§ 6. Mr. Thurnham
To ask the Secretary of State for Defence what representations he has received about the future prospects for the British defence industries; and if he will make a statement.
§ The Minister of State for Defence Procurement (Mr. Jonathan Aitken)
We receive a variety of representations about the prospects for British defence industries from many sources. Despite the downturn in defence spending, our industry is both efficient and internationally competitive, and is well placed to meet the challenges of the future.
§ Mr. Thurnham
Does my hon. Friend agree that the European fighter aircraft project is an example of this country's ability to lead Europe, in regard to both the strength of our defence policies and the capability of our manufacturing industry? Should not all parties unite to support British industry, rather than engaging in the sickening display of humbug that we witnessed last night?
§ Mr. Aitken
Now that the political temperature may have returned to normal, the political co-operation that has characterised the attitude of hon. Members on both sides of the House towards the EFA project will continue to be very welcome. Prospects for a new EFA have brightened considerably in the light of Chancellor Kohl's positive statements at the Anglo-German summit on 11 November, and the industry has identified considerable cost reductions in its survey. In view of those factors, we hope that positive progress can be made towards the fulfilment of the production phase of this four-nation project.
§ Mrs. Dunwoody
Is the Minister aware that the defence industry also includes the royal ordnance factories, which the Government sold off? Does he realise that there is a large and continuing haemorrhage of jobs away from the industries concerned—on a so-called voluntary basis— 730 and no clear planning about which of those important factories are to be retained? Will the Minister instigate an immediate investigation into how the units are to remain viable?
§ Mr. Aitken
I have some sympathy with the point that the hon. Lady has rightly made.

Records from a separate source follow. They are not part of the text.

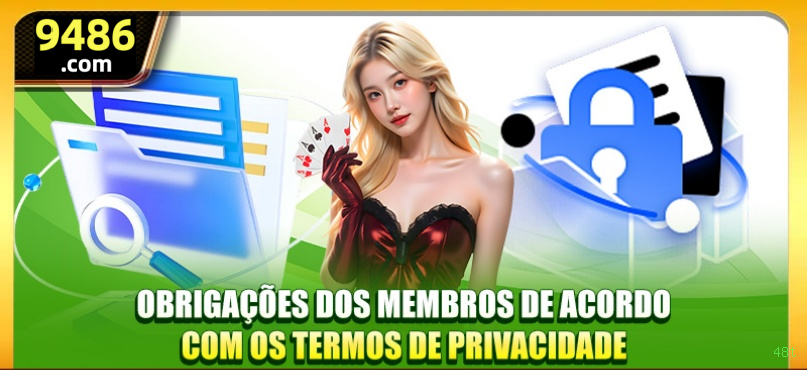Jogos de fortune da 48t com prêmios incríveis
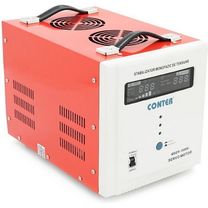 Стабілізатор напруги Conter MSER 10000 VA-V2/7500W
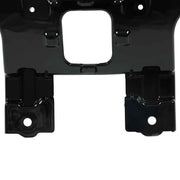 DURAFORCE Front Bumper Upper Grille Grill 5310106F50 For Toyota Camry SE XSE 2021-2022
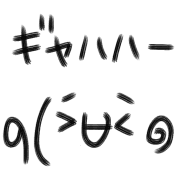 007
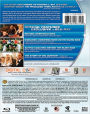 Alternative view 2 of The Blind Side [2 Discs] [Blu-ray]
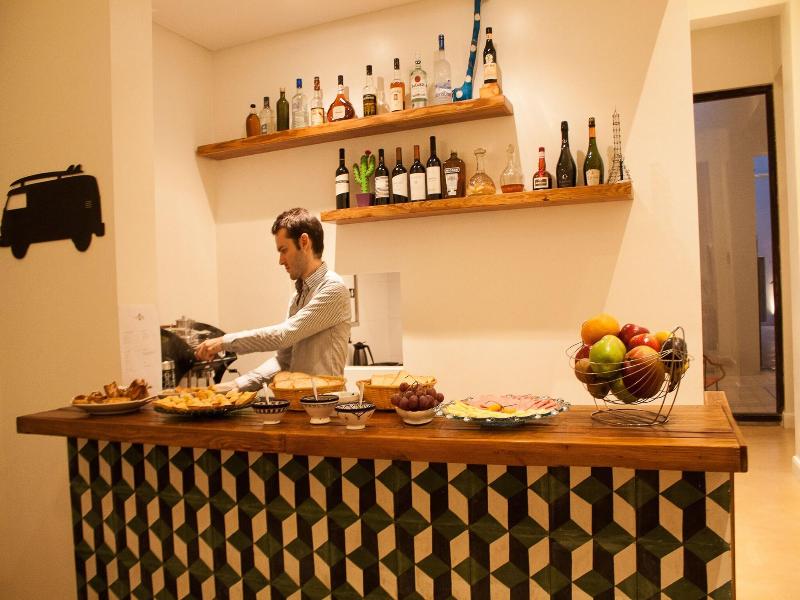 L'Adresse Hotel Boutique image
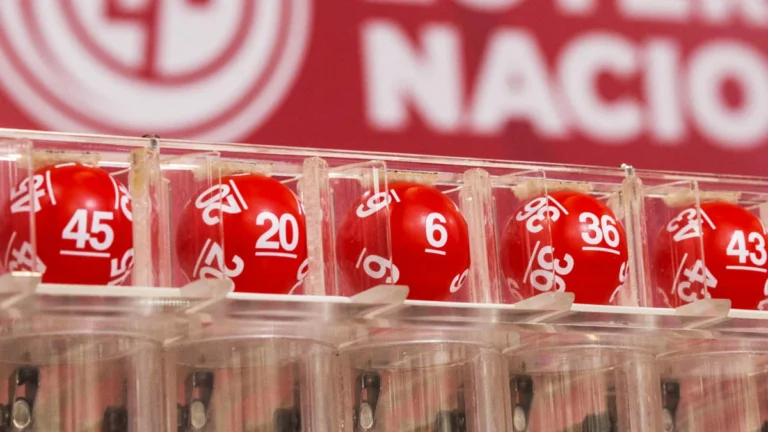 Resultados Melate 4207: Análisis de la bolsa millonaria y combinaciones ganadoras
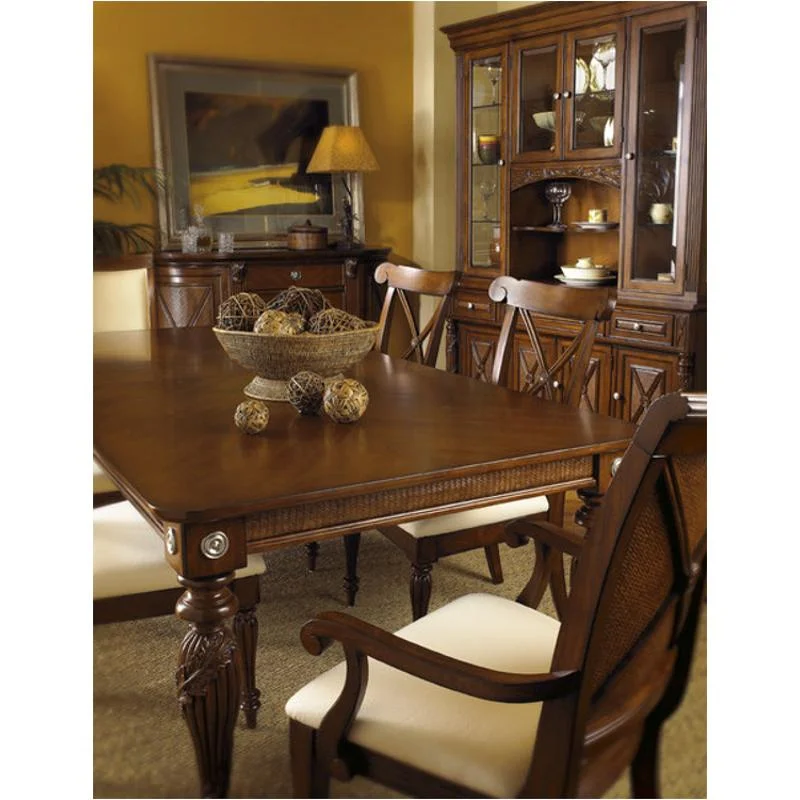 homelivingfurniture-120260616165622646647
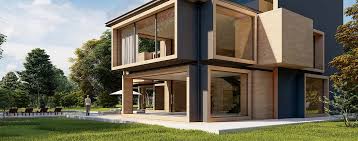 Image result for projekty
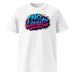 No Limits Street Art tee - SignArm
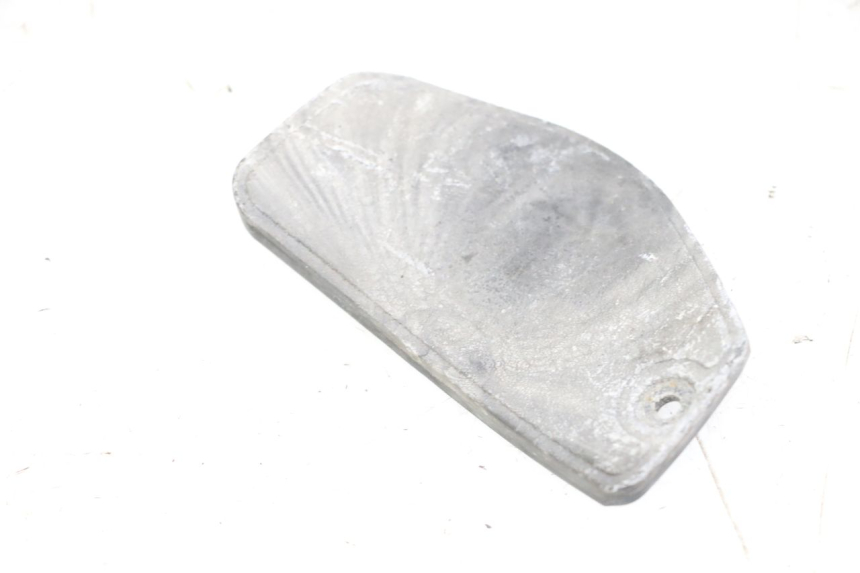 photo de SPORT. PIAGGIO MP3 LT 300 (2010 - 2016)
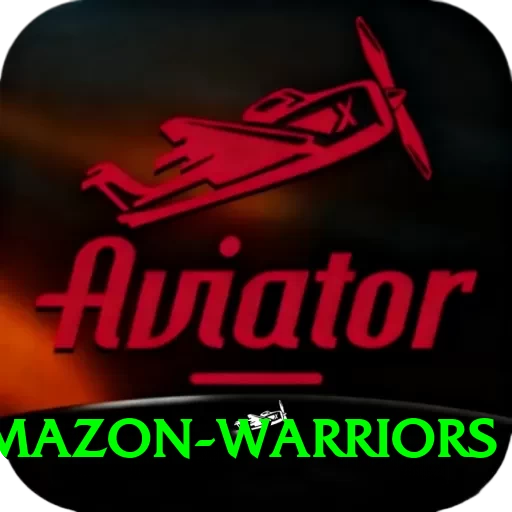 guyana amazon warriors Turbo v3.6.3 - 2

We are now discussing with Royal Ordnance and others the placing of longer-term contracts, which will ensure a longer-term future for manufacturers of that type.
§ Mrs. Ann Winterton
Does my hon. Friend accept that the prospects of small-arms manufacturers in this country —and, in particular, at Radway Green in my constituency —depend greatly on the Ministry of Defence not opening its order books to bids from other European countries that do not reciprocate? Furthermore, does he accept that it is vital to maintain our manufacturing capacity, for strategic reasons?
§ Mr. Aitken
As I am sure that my hon. Friend recognises, we already place approximately 90 per cent. of the equipment budget, in terms of orders, with British companies. That is a record of which we can be rightly proud, as can the industries concerned.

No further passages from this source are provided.